With 1 million species at risk of extinction, Jeff de Graffenried will walk 100 miles across one of Africa's most biodiverse parks to fight wildlife poaching.

Online PR News – 21-May-2019 – Lusaka, Zambia – As species disappear at the fastest rate in history, International Biodiversity Day on May 22 is taking on urgent meaning as American Jeff de Graffenried prepares for his 100-mile walk across one of Africa's most important wilderness areas.

"It's hard to believe that day to day we're killing off species on a scale not experienced since an asteroid wiped out the dinosaurs," Jeff says. "The clock is ticking to save places like Kafue National Park in Zambia, keystone of a wildlife ecosystem that spans five countries."

Jeff, an Alabama native who works in southern Africa, decided that the best way to dramatize the fight to save Africa's iconic animals is to get on the ground with them, eye to eye, and walk. Jeff will raise money to supply brave government rangers with improved gear and fund other conservation measures designed to protect the wild inhabitants of Kafue's dazzling habitats.

The Kafue rangers are facing off against thousands of heavily armed poachers. Relentless attacks on elephants for their prized ivory tusks and smaller animals for bush-meat or, in the case of the shy pangolin, for scales coveted in Asia for aphrodisiacs, are threatening a paradise that belongs to the world.

Every year vast tracts of the Kafue ecosystem succumb to bush fires decimating habitat for a plethora of species large and small

What's happening in Zambia is part of the bigger assault on biodiversity that has put 1 million species on the brink of extinction worldwide, according to a report from the Intergovernmental Science-Policy Platform on Biodiversity and Ecosystem Services meeting in Paris this month. The most comprehensive biodiversity assessment ever, by experts in 50 countries, showed that humanity can stop this disaster if we act fast, "at every level from local to global," the group said.

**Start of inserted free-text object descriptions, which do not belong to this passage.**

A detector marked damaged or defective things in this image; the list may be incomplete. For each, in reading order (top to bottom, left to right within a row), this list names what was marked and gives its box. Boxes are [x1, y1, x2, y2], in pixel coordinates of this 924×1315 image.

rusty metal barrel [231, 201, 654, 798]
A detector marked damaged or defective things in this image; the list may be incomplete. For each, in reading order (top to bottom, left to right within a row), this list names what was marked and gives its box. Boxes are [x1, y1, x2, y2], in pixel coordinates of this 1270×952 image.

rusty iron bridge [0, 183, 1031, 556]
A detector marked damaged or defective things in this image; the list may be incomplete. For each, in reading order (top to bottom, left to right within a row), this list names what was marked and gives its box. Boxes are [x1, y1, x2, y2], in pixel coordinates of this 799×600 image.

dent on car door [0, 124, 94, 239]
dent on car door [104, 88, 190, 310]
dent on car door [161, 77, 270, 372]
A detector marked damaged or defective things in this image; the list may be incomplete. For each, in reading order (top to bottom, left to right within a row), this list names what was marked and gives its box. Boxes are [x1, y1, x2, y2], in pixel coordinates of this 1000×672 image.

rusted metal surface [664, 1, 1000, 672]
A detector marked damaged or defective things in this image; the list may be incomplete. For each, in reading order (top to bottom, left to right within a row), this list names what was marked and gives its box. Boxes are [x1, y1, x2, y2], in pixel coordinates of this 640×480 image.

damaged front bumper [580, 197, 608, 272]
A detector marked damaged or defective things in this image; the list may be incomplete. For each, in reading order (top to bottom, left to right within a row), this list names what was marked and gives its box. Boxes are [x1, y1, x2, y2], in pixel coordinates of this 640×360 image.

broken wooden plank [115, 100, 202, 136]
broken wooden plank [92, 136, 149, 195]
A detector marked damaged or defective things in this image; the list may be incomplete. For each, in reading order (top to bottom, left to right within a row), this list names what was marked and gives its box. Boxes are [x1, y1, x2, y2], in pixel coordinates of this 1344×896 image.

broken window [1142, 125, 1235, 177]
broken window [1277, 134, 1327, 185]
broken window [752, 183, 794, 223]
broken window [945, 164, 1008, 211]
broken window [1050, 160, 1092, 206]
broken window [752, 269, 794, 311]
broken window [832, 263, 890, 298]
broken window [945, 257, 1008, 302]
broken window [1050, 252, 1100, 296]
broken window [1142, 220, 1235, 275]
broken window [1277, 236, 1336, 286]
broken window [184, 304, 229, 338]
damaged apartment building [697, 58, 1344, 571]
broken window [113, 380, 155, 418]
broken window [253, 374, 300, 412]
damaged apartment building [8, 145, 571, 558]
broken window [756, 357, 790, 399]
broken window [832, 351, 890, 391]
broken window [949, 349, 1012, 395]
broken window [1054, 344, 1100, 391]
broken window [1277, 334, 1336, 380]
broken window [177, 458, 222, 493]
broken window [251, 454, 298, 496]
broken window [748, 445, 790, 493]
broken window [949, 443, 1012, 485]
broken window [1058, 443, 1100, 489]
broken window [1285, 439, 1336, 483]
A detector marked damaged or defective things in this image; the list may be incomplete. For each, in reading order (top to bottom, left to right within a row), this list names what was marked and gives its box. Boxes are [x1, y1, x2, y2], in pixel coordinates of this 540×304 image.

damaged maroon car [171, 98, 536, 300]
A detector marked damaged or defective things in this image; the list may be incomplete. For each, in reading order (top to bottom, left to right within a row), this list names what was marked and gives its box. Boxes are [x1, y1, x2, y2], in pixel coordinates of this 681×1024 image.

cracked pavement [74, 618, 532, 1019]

While under threat, Kafue still teems with life. Almost 500 bird species call the park home along with leopards, cheetahs and buffaloes. Hundreds of lions and thousands of elephants roam the land. More antelope species are found in Kafue than anywhere else in Africa, including the endemic red lechwe and roan, sable, eland and blue wildebeest.

"Kafue is one of Africa's most biodiverse wildlife areas, and while the variety of flora and fauna in existence here is impressive, it is not without frailty," says Tyrone McKeith, who runs the Musekese safari camp in Kafue and Musekese Conservation with fellow eco-entrepreneur Phil Jeffery.

Human pressures go beyond poaching. "Every year vast tracts of the Kafue ecosystem succumb to bush fires, decimating habitat for a plethora of species large and small," Tyrone says.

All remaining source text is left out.